Есть ли выход из нынешней ситуации неверия в альтернативы и массовой помешанности на конце света? На индивидуальном уровне люди не способны предвидеть будущие изменения своей личности и все равно неизбежно меняются; общество, глобальные представления и мировой порядок, несомненно, также не избегнут перемен. Можем мы, однако, рационально направлять изменения и целенаправленно создавать новый мир? Возвращение в Эдем больших нарративов и твердой веры в идеологии уже невозможно (в конце концов, эта вера была потеряна не просто так). Интеллектуально мы не сможем принять никакой проект будущего, апеллирующий к исторической неизбежности, к «законам» общественного развития, к смыслу исторического процесса. Это проблематизирует любые попытки предвидеть и приблизить новый мир, но дает свободу, невозможную в рамках любой необходимости (метафизической, этической или исторической).

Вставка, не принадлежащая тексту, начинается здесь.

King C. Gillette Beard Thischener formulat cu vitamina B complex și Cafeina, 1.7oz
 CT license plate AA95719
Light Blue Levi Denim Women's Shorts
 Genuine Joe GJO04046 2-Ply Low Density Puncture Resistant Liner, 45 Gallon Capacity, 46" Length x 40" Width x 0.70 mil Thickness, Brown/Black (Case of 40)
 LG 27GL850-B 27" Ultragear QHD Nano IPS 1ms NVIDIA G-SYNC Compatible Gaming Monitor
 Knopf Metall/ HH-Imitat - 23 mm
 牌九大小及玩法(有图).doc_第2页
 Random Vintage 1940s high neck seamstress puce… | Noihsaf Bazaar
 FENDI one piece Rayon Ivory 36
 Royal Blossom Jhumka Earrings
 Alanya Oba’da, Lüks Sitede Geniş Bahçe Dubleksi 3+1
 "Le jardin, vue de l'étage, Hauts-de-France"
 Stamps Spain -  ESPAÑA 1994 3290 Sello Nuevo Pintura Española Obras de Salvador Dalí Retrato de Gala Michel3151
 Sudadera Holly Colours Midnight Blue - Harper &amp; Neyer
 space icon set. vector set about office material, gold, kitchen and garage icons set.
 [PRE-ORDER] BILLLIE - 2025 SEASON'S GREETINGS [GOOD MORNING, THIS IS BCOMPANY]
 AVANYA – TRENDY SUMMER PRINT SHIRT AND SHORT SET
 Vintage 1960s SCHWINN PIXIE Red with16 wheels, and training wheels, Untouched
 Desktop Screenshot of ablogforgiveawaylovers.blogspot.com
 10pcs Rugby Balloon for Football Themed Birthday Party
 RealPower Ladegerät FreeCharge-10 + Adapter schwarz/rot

Такая общественная установка неплохо сочетается с дарвинизмом, постулирующим случайность жизни и сознания. Эта картина может пугать, вынуждая искать и бесплодно надеяться на большее, на вселенную со смыслом, но, как пишет американский философ Питер Годфри-Смит, может и давать особое чувство свободы. Однако эту свободу, как личную, так и общественную невозможно реализовать без простейших материальных условий, без ухода от борьбы за выживание. Именно здесь нам и следует искать новый проект будущего. В мире без необходимости, без заранее предсказанного будущего, мы должны стремиться к тому, чтобы у максимального количества людей была физическая, интеллектуальная и духовная возможность использовать эти разные формы свободы.
Всероссийский музей декоративно-прикладного и народного искусства, Международный культурный проект "Арт-Резиденция"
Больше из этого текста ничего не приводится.